Article · Alif · janvier 1995
Comprendre
- Type
- Article de presse
- Créateur
- K. Siddique
- Editeur
-
Alif
- Date
- janvier 1995
- numéro
- 26
- Description
-
K. Siddique critique le revirement du PDCI et du gouvernement sur le vote des étrangers et le nouveau code électoral, jugés contraires à la Constitution, après trente ans de non-application de certaines dispositions et du multipartisme. Il dénonce les contradictions entre le président, le gouvernement et le secrétaire général du PDCI, ainsi que l’arrestation du rédacteur en chef et d’un journaliste du Bélier. Le texte condamne aussi le tribalisme, les pressions politiques dans les mosquées et l’interdiction d’activités de l’AEEMCI au Lycée Municipal d’Attécoubé.
Annotations de valeur
- AI Model - Summary
- GPT-5.6 Luna
- pages
- 9
- nombre de pages
- 1
- Sujet
- Intégrisme
- Langue
- Français
- Est une partie de
-
Alif #26
- Identifiant
- iwac-article-0008412
- contenu
-
COMPRENDRE
Je ne comprends pas que le parti au pouvoir change subitement de fusil d'épaule. En effet, le cheval de bataille du PDCI, du gouvernement c etait le vote des étrangers. L'opposition s'appuyant sur la loi fondamentale a estimé que c'était anticonstitutionnel. Et le PDCI recula.

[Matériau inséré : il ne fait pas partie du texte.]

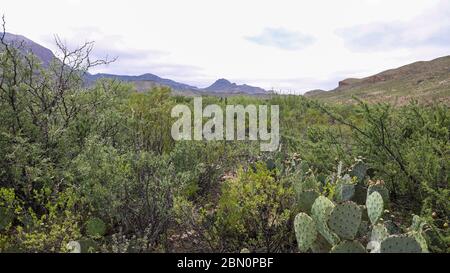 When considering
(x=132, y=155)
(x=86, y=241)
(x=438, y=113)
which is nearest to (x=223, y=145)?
(x=132, y=155)

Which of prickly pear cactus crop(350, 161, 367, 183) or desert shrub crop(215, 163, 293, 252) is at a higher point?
prickly pear cactus crop(350, 161, 367, 183)

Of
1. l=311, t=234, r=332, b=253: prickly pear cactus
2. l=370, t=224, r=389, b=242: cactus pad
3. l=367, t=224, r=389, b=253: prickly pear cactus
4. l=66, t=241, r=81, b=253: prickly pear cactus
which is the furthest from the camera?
l=311, t=234, r=332, b=253: prickly pear cactus

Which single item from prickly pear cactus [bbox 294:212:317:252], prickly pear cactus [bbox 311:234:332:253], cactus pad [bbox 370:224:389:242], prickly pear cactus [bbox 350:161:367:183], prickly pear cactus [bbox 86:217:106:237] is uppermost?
prickly pear cactus [bbox 350:161:367:183]

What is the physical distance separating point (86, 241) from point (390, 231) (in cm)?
309

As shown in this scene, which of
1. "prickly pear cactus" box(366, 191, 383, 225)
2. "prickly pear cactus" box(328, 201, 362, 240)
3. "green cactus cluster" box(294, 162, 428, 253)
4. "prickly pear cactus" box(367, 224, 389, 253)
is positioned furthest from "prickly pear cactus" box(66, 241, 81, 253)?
"prickly pear cactus" box(366, 191, 383, 225)

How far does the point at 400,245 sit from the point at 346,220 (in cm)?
70

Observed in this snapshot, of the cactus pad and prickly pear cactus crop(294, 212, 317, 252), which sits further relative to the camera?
prickly pear cactus crop(294, 212, 317, 252)

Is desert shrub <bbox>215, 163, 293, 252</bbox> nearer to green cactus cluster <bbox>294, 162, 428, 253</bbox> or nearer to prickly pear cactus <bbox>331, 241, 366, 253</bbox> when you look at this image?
green cactus cluster <bbox>294, 162, 428, 253</bbox>

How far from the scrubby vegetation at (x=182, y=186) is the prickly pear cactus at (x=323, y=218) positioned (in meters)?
0.01

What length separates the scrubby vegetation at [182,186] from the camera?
14.2 ft

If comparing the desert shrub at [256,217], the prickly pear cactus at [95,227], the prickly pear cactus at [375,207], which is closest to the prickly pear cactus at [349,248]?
the prickly pear cactus at [375,207]

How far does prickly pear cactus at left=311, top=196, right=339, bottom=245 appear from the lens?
12.7ft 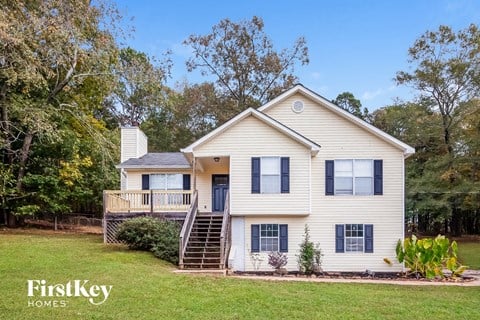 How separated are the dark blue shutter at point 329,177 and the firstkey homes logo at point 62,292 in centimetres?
915

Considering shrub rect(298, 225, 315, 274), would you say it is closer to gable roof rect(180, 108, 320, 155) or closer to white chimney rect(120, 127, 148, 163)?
gable roof rect(180, 108, 320, 155)

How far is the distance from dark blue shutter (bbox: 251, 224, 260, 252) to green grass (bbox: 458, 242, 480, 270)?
8755 mm

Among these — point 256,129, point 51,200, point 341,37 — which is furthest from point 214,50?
point 256,129

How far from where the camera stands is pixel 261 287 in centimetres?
1038

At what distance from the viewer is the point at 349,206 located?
15.8 metres

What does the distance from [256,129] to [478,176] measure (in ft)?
59.8

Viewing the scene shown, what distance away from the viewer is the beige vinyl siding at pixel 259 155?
15.2 m

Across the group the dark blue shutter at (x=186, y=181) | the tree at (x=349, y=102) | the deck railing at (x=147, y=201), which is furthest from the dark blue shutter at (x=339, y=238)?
the tree at (x=349, y=102)

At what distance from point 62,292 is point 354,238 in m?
10.5

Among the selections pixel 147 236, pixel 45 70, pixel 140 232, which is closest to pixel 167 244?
pixel 147 236

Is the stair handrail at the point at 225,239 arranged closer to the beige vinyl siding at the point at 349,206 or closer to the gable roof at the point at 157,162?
the beige vinyl siding at the point at 349,206

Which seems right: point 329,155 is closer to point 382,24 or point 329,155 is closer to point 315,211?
point 315,211

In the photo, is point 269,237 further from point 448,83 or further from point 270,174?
point 448,83

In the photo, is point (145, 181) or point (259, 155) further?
point (145, 181) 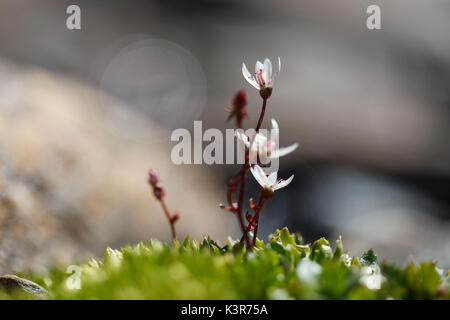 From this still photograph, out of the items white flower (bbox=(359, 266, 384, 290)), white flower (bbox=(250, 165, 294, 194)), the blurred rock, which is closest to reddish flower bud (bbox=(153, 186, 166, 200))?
white flower (bbox=(250, 165, 294, 194))

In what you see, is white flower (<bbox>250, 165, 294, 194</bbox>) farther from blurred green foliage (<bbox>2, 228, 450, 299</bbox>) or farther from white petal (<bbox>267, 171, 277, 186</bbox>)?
blurred green foliage (<bbox>2, 228, 450, 299</bbox>)

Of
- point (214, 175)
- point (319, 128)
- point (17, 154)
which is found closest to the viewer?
point (17, 154)

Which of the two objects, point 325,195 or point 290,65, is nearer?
point 325,195

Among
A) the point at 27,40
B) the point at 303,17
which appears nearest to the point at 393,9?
the point at 303,17

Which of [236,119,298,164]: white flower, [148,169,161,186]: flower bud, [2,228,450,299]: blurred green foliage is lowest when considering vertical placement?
[2,228,450,299]: blurred green foliage

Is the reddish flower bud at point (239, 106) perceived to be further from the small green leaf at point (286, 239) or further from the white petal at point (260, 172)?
the small green leaf at point (286, 239)

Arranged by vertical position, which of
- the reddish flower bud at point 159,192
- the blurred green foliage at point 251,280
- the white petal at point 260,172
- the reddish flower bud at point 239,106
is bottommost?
the blurred green foliage at point 251,280

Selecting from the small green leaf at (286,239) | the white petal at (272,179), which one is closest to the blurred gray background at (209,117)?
the small green leaf at (286,239)

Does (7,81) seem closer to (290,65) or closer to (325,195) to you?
(325,195)

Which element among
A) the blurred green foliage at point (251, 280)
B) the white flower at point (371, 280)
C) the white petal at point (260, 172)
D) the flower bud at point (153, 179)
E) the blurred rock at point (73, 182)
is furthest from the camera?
the blurred rock at point (73, 182)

Je ne comprends pas que le PDCI qui était apparemment l'ami des non Ivoiriens devient leur bourreau.
Je ne comprends pas que le pays soit dans l'illégalité depuis plus de 30 ans.

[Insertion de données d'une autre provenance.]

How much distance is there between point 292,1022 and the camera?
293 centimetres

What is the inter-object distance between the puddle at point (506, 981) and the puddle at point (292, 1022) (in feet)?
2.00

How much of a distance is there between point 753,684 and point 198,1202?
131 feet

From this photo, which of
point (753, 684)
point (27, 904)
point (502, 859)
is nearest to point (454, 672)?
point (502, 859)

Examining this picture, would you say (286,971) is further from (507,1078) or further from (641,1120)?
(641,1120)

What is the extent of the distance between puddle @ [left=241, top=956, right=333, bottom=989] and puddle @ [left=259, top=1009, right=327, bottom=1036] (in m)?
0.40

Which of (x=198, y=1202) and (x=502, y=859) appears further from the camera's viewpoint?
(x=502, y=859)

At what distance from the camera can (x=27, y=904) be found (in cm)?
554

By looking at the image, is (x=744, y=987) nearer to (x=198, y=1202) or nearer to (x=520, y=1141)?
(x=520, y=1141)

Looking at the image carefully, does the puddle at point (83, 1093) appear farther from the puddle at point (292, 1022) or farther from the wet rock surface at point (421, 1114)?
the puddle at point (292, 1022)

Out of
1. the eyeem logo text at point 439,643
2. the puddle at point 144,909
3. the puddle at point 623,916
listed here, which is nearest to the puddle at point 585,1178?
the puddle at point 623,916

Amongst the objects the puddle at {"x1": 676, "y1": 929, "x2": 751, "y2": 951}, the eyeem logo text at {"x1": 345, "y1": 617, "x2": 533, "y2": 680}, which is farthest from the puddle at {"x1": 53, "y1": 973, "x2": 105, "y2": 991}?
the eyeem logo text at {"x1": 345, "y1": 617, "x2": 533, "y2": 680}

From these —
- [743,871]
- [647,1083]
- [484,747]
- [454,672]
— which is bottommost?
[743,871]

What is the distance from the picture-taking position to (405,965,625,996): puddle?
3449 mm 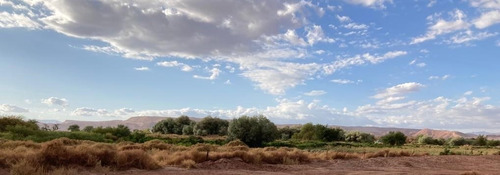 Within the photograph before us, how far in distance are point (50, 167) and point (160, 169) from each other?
4.77 meters

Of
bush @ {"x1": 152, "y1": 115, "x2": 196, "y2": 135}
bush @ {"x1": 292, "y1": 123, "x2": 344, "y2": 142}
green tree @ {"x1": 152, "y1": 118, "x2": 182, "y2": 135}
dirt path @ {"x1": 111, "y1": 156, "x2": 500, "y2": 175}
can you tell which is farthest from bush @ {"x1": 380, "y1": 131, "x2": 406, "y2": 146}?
dirt path @ {"x1": 111, "y1": 156, "x2": 500, "y2": 175}

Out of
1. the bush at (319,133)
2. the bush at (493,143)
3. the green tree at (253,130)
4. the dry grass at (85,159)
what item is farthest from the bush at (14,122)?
the bush at (493,143)

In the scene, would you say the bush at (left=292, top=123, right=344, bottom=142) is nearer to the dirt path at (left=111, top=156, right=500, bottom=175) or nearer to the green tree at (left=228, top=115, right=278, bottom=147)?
the green tree at (left=228, top=115, right=278, bottom=147)

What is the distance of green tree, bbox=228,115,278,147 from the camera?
56.6 metres

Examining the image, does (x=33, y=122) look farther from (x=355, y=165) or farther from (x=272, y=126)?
(x=355, y=165)

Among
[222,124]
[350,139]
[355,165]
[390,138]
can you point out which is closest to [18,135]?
[355,165]

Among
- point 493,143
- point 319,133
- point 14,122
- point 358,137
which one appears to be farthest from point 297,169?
point 493,143

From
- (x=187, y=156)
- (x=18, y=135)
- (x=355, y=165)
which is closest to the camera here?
(x=187, y=156)

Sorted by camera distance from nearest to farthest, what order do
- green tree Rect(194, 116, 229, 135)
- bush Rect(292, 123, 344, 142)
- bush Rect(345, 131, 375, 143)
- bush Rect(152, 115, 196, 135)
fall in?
green tree Rect(194, 116, 229, 135), bush Rect(292, 123, 344, 142), bush Rect(345, 131, 375, 143), bush Rect(152, 115, 196, 135)

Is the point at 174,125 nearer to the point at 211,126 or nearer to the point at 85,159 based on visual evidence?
the point at 211,126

Je ne comprends pas que l'on ait «oublié» d'application l'article 7 de notre loi fondamentale pendant 30 ans.
Je ne comprends pas qu'on ait attendu les protestations pour enfin appliquer le multipartisme.
Je ne comprends pas certains ivoiriens qui sont prêts à se flageller pour sauvegarder leurs instincts alimentaires et sexuels.
Je ne comprends pas qu'ils soient à ce stade de la bestialité car l'animal a deux besoins primordiaux à satisfaire dans la journée à savoir s'accoupler et manger. Une fois ces désirs satisfaits; plus rien ne les intéresse.
Je ne comprends pas que ce que le président dit est en contradiction avec ce que le gouvernement dit et fait (code électoral) et le secrétaire général du PDCI.
Je ne comprends pas que sans changer la constitution ivoirienne l'on prenne des lois qui la contredisent.
Je ne comprends pas que les gens ne soient pas assez courageux pour aller au fond de leur logique. Il faut qu'ils assument leur responsabilité en modifiant la loi fondamentale en particulier l'article 5 du code de la nationalité. Je ne comprends pas que le SG soit contre le code électoral alors qu'il y a quelques mois il soutenait que pour être nommé responsable dans toute entreprise, la compétence était un sacrilège, il fallait plutôt une dose PDCI.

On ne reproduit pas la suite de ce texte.